**What is expected:**
Once the line containing "Jolly Rancher Hard Candy Assorted 5lb Bag" is found in the records below, return it and each following line exactly, up to and including the line containing "Джип Чероки, объемом", and nothing else.

==== Provided records

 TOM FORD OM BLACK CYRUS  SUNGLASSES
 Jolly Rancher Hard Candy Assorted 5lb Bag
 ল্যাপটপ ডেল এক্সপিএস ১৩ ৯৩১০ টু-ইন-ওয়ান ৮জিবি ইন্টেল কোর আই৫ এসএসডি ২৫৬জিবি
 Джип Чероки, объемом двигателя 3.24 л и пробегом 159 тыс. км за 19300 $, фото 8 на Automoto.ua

========
==== Provided records

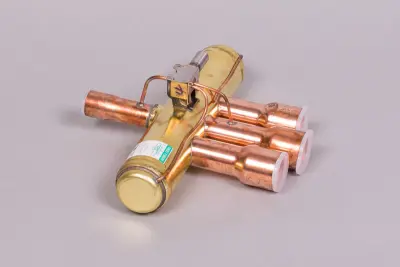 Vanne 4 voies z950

========

**Result for this task:**
 Jolly Rancher Hard Candy Assorted 5lb Bag
 ল্যাপটপ ডেল এক্সপিএস ১৩ ৯৩১০ টু-ইন-ওয়ান ৮জিবি ইন্টেল কোর আই৫ এসএসডি ২৫৬জিবি
 Джип Чероки, объемом двигателя 3.24 л и пробегом 159 тыс. км за 19300 $, фото 8 на Automoto.ua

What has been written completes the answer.